Content Note: (critical treatment of) racism
When MIT researcher Joy Buolamwini started working with facial recognition software for a class, she didn’t expect to discover that the AI is absolutely biased. She dug into the matter, uncovering more and more problems. Meanwhile facial recognition is used more all the time, for surveillance and police work, regardless of the problems that still aren’t solved.
Coded Bias takes on a very timely topic, considering the racist and also sexist bias in apparently neutral software and algorithms and its implications for police work, amont other things. It’s interesting, well-argued and so well-structured that time flies by and yet you never feel overwhelmed by the topic. It was the perfect choice of final film for the this human world Film Festival.
I have done a bit of (casual) reading on this topic, so I wasn’t entirely new to the concept of biased algorithms and how we bake human biases into software. But it was interesting to see it all laid out so neatly and consequently as in this documentary.
Especially because I wasn’t aware where the criticism actually came from – and if we look at this documentary, it was mostly female researchers and a lot of them Black or women of color who did the work of showing how problematic software can be.

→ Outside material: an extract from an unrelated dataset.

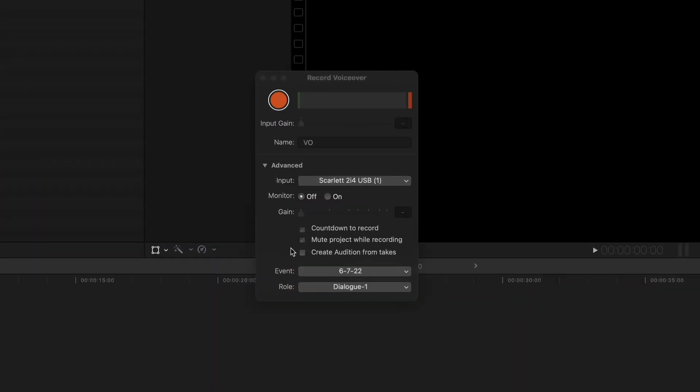Final Cut Pro will allow you to create a multi-pass VO recording and place them into an audition clip. Here's a way to use it that you may not have considered.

One almost has to say: of course. White men don’t notice those things and tech being such a white man area is exactly where a lot of the problems come from.
But the also broadens the scope beyond the technical side, considering more general problems with surveillance as well. And it’s not just a problem because automatized surveillance is racist – there’s more to it than that.
Coded Bias also looks at the UK and at China, not just the USA, to consider how things are dealt with there, while managing to never make it seem like somebody else’s problem – because somewhere else it may appear worse. Instead the film makes clear that it is a global problem – the differences are just minor differences in degrees of awfulness. Thus the film urges us to approach technology with caution and criticism. Just because it’s automated doesn’t make it better.